Another significant item on the agenda was personnel changes, and it is this that has excited most interest both here and abroad - as was widely predicted, Party leader Jiang Zemin (江泽民) stepped down to make way for his younger protegé Hu Jintao(胡锦涛). Along with Jiang went all but one of the Party's Central Committee, in a hard fought deal that saw both hardliner Li Peng (李鹏) and the relative liberals Zhu Rongji (朱镕基) and Li Ruihuan (李瑞环) hand over to younger men (and for the first time since the 1970s a woman too - Wu Yi , former trade minister joined an expanded Politburo). Factional in-fighting between cliques centred around Li Peng and Zhu Rongji has been a feature of Chinese politics for some years. The number of members of the Politburo has been increased from seven to nine, with analysts saying that at least five can be considered placemen for Jiang Zemin, as he hopes to continue to exercise power from behind the scenes.

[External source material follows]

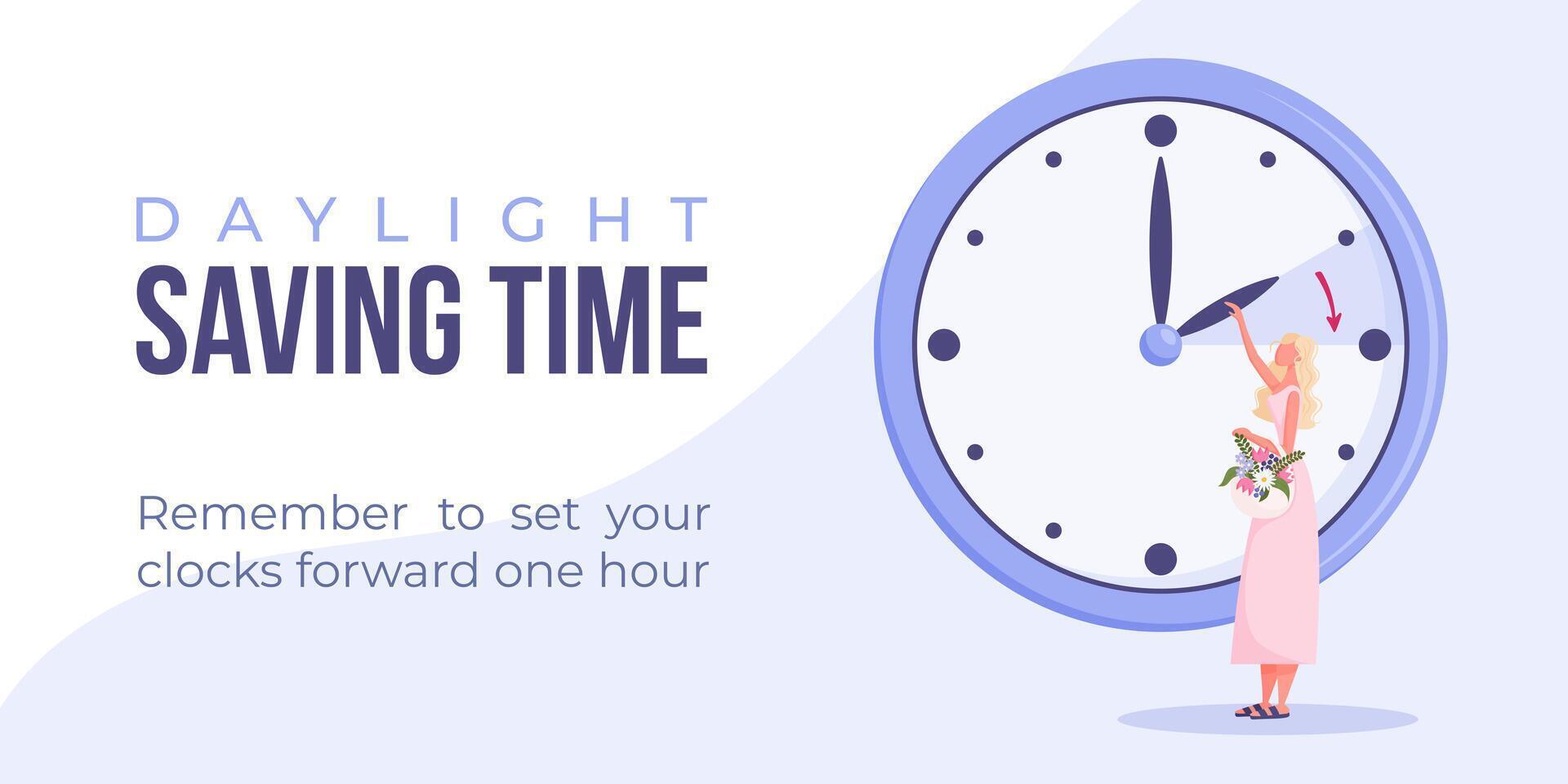 Daylight saving time begins. Spring forward banner, poster. Vector illustration with woman turning clock hour ahead, woman with flowers in bag.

This Congress is seen as marking an important transition in more than just musical chairs in the Politburo. Jiang's willingness to step down lies in the fact that he sees his political legacy as secured, with this Congress formalising that fact (indeed, his political theory of 'the Three Represents, was formally added to the Party constitution, placing on a par with Mao Zedong thought and Deng Xiaoping theory). His Third Generation leadership (after Mao Zedong (毛泽东) and Deng Xiaoping (邓小平)) has finally jettisoned all but the merest formality of communism and remoulded itself as a pragmatic party that can deliver continued economic growth (and continued monopoly of political power). John Gittings, the Guardian's China correspondent notes that in his keynote report to Congress on the opening day, Jiang failed to make the customary reference to the ultimate goal of communism, a first for such a speech.

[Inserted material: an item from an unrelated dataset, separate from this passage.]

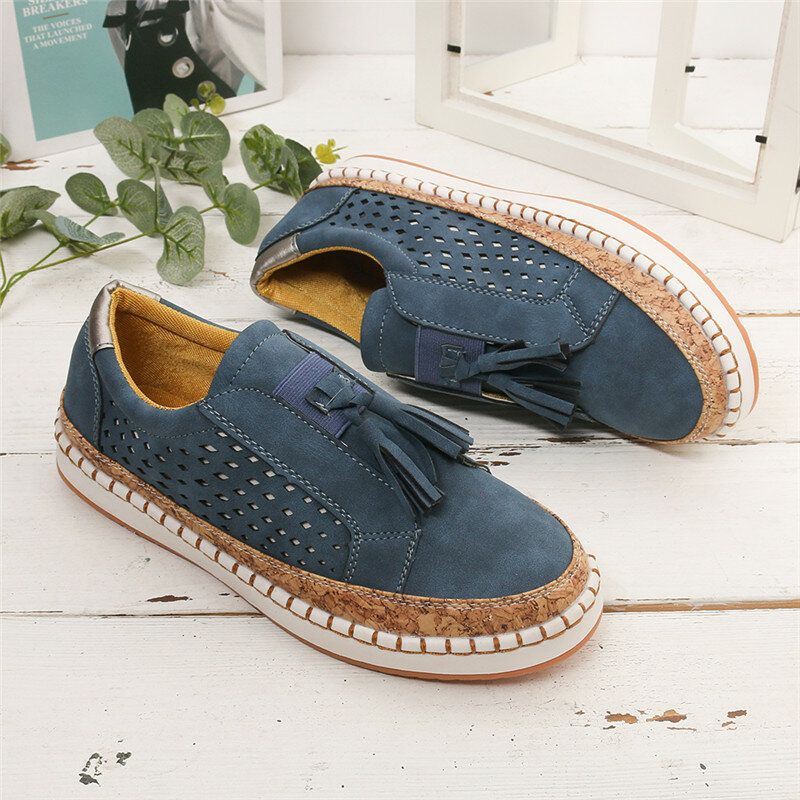 Grote Maat Dames Casual Uitgeholde Loafers Met Franjes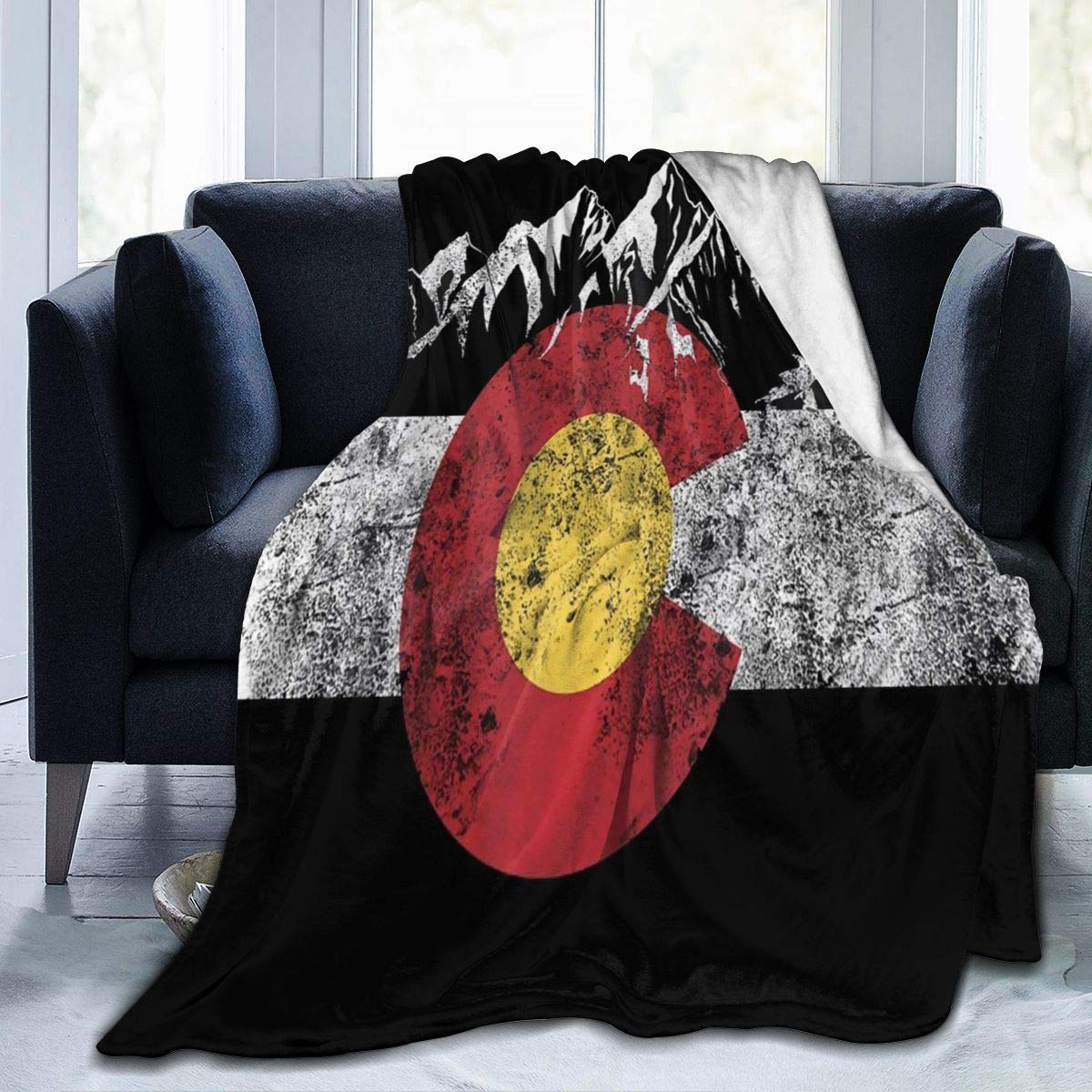 Carwayii Throw Blanket ,Colorado Flag Vintage Mountain Sherpa Blanket Comfy Bed Blanket For Family Festival Gift,Comfortable Fleece Blanket Durable Warm Sofa Blanket For All Season -60''X80''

In his opening day report (delivered on the 8th November), Jiang chose to sum up not just the last five years, as is usual, but the whole legacy of his thirteen years at the top. Some highlights of what he said include:
- Laying claim to being the first Communist Party to successfully create a 'socialist market economy', and linking the party's continued political legitimacy to this achievement. The Party's slogan, closely associated with Jiang, is to 'move with the times' (与时具进), placing pragmatism higher than ideology, or perhaps making pragmatism the ideology would be better.

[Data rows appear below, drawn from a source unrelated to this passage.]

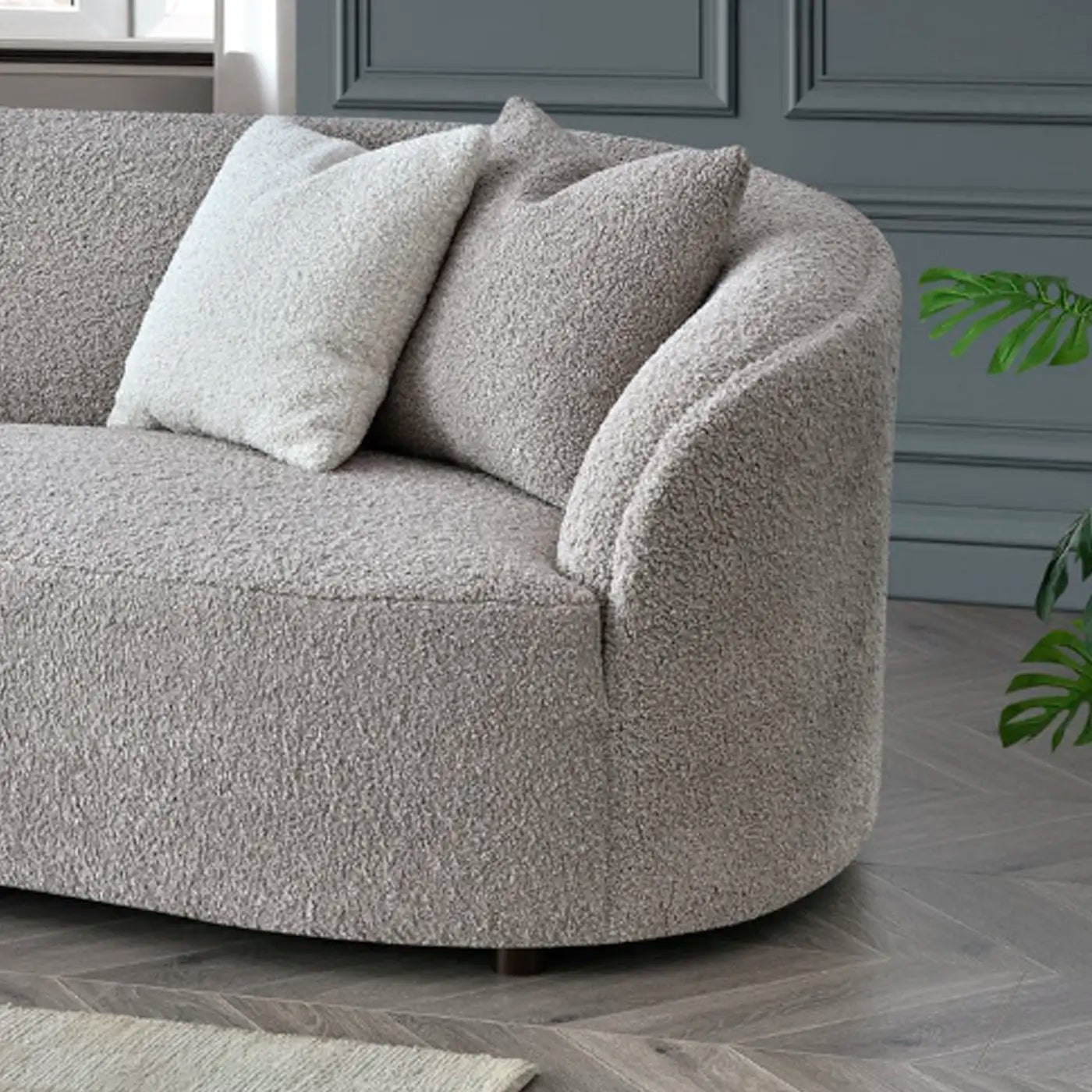 Boucle Teddy Beige Curved Boucle 3 Seater Sofa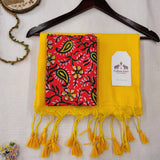 Traditional Handloom Cotton Saree -  Yellow Handloom Cotton Saree with Flower Printed Blouse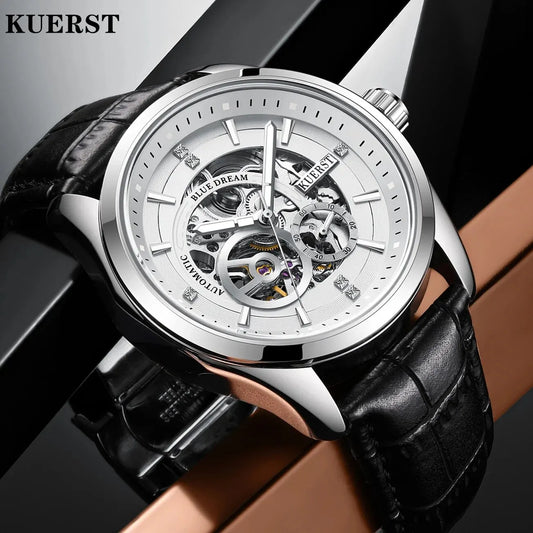 KUERST Automatic Mechanical Watch for Young Students Waterproof/glow-in-the-dark/Double Second/hollow Watch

- As noted above, the elevation of his own 'important thinking' - the 'theory of the Three Represents' (三个代表) - to the pantheon of Party doctrine. This is a further turning away from any semblance of orthodox Marxism - the party will now represent all the 'advanced productive forces in society', including private business entrepreneurs, who are now welcome to join what was once the dictatorship of the proletariat. The other two things the Party will 'represent' are 'the interests of the broadest mass of the Chinese nation' and 'advanced forces in science, technology and culture'. Don't worry if this sounds impossibly vague, not many Chinese people are sure what it's supposed to mean either, despite endless study sessions for cadres up and down the country.
- Emphasising again the Party's historical mission to unite China, and reserving the right to use force against Taiwan should she declare independence.
- Welcoming globalisation and seeing opportunities for China in the process (she has been a member of the WTO for a year now).
- Whilst making some vague references to 'citizen participation', no hint of political reform beyond continued experimentation with direct elections at grassroots level (village, township and urban resident committees).
At the time of this revision (24th November), reaction to the Congress is a mix of praise for the first peaceful transfer of power in modern China, and despair at the conservative nature of the change. Despite China's numerous problems, meaningful political reform seems still a distant prospect - and without reform, widening gaps in wealth and a lack of social justice look set to continue. Bao Tong, a senior official arrested for his support for the democracy movement in 1989 (and still under house arrest today) lamented this lost opportunity for reform, and pointed out that whilst the Party uses the perceived need for stability as an excuse for glacially slow political change, it is precisely the Party's monopoly of power that has been behind most of the crises in modern China.
I'd like to note here that whilst the significance of the Party in Chinese political life can hardly be overemphasised, governance in China is not the monolith it may appear to outsiders, and various interest constituencies, political, economic and regional all contest policy. Sadly, as currently constituted, the mechanism most excludes the poorest and weakest (hardly, it must be said, a phenomenon unique to China). Citizens have not been allowed to lobby their delegates. Whilst trumpeting its achievements in the period of 'reform and opening' (改革开放), the Party rules an increasingly polarised country - almost 20% live below the World Bank poverty line of USD 1 per day (including many newly impoverished urban workers), and disparities between the wealthy coastal provinces of the east and the 'backward' western interior continue to grow. Amidst the optimism and self-congratulation, the Party is well aware that it faces difficult challenges as it prepares its first work programme of the new century.